_GOAL OF THE EXERCISE_
Set down exactly the lines below, starting at the one that contains "18ct Yellow Gold" and ending at the one that contains "A charming patio", with both of those lines included and nothing else.
============================================================
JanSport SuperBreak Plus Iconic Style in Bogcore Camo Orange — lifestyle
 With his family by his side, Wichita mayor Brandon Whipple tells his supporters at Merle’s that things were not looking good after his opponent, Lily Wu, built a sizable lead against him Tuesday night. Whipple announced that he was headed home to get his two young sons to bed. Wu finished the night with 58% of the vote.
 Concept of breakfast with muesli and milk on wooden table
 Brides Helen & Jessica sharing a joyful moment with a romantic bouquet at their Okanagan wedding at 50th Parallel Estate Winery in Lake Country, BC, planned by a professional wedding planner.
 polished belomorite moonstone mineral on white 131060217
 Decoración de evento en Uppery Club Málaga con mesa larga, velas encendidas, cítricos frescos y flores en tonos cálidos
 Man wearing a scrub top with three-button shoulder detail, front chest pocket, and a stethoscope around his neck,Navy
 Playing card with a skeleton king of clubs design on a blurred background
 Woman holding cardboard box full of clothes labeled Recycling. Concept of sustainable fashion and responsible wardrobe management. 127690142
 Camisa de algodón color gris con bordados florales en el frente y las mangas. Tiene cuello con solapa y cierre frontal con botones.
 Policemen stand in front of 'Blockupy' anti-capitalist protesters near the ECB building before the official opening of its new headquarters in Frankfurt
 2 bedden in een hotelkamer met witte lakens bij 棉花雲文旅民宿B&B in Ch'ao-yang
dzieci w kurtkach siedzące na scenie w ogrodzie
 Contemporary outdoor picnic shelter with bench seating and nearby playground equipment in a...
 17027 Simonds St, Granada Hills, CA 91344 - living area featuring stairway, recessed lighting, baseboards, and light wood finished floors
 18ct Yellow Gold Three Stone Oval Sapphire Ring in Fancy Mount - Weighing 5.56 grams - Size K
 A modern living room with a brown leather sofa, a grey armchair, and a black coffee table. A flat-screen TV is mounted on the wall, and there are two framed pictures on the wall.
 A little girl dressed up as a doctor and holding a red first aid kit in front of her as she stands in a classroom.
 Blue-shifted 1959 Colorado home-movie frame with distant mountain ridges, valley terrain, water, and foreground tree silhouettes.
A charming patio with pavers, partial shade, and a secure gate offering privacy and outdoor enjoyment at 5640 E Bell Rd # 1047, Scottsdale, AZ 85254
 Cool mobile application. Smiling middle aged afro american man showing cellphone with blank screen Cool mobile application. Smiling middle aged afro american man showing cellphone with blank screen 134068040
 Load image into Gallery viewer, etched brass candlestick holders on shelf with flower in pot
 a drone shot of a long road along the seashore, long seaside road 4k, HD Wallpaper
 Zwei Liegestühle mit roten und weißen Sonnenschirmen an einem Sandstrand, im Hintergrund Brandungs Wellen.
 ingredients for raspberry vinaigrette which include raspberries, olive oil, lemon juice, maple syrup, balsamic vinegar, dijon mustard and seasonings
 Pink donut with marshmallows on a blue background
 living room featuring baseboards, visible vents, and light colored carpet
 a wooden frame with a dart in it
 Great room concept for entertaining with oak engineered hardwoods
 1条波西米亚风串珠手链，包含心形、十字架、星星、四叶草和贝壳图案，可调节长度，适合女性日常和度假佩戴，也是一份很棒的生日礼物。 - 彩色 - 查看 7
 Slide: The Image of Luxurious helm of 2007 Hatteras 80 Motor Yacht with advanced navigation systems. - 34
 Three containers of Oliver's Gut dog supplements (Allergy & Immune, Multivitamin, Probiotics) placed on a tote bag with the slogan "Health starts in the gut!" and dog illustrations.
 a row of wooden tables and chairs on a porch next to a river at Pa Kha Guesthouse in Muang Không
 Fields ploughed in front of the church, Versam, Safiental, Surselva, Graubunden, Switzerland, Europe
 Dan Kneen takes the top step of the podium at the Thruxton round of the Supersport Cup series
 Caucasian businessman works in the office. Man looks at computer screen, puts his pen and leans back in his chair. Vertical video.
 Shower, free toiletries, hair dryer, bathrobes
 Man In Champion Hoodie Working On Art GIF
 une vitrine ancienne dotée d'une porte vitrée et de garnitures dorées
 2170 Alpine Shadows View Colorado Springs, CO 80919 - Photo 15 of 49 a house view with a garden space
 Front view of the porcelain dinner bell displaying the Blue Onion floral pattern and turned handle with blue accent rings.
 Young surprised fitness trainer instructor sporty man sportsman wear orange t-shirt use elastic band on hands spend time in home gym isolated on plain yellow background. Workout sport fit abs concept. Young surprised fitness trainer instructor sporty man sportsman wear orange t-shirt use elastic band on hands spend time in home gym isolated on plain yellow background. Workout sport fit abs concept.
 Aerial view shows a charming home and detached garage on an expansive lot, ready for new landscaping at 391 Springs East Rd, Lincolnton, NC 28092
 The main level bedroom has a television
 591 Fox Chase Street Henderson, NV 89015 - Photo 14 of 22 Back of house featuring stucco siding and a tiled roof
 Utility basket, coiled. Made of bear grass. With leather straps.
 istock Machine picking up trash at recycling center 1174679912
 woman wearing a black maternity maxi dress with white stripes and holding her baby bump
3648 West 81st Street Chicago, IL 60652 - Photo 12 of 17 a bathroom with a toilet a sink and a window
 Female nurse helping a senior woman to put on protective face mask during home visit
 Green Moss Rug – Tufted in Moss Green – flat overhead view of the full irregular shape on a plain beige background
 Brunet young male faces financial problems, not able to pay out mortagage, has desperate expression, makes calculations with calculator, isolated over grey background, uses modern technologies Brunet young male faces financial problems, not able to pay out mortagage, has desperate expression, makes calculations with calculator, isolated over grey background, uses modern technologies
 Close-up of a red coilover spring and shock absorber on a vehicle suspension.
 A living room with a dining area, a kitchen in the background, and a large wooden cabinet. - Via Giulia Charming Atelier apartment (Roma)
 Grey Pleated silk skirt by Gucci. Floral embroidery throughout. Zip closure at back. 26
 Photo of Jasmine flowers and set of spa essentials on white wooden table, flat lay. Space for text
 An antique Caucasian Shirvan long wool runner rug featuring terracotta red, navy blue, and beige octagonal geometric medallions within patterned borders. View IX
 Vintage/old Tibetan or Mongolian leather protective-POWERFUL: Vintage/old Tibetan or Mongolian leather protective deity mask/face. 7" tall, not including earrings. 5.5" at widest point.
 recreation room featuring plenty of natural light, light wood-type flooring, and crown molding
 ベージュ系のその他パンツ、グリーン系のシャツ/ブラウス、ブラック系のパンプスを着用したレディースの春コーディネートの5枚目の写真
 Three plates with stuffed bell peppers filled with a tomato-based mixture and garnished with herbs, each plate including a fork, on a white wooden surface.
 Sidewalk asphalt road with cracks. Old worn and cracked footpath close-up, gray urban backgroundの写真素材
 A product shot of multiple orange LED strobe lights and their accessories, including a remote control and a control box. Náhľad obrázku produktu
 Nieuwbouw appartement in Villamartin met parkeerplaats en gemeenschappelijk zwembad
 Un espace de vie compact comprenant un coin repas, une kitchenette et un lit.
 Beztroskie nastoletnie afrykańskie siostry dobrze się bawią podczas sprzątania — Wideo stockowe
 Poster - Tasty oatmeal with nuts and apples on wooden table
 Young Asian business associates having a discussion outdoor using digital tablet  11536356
============================================================
_SOLUTION_
 18ct Yellow Gold Three Stone Oval Sapphire Ring in Fancy Mount - Weighing 5.56 grams - Size K
 A modern living room with a brown leather sofa, a grey armchair, and a black coffee table. A flat-screen TV is mounted on the wall, and there are two framed pictures on the wall.
 A little girl dressed up as a doctor and holding a red first aid kit in front of her as she stands in a classroom.
 Blue-shifted 1959 Colorado home-movie frame with distant mountain ridges, valley terrain, water, and foreground tree silhouettes.
A charming patio with pavers, partial shade, and a secure gate offering privacy and outdoor enjoyment at 5640 E Bell Rd # 1047, Scottsdale, AZ 85254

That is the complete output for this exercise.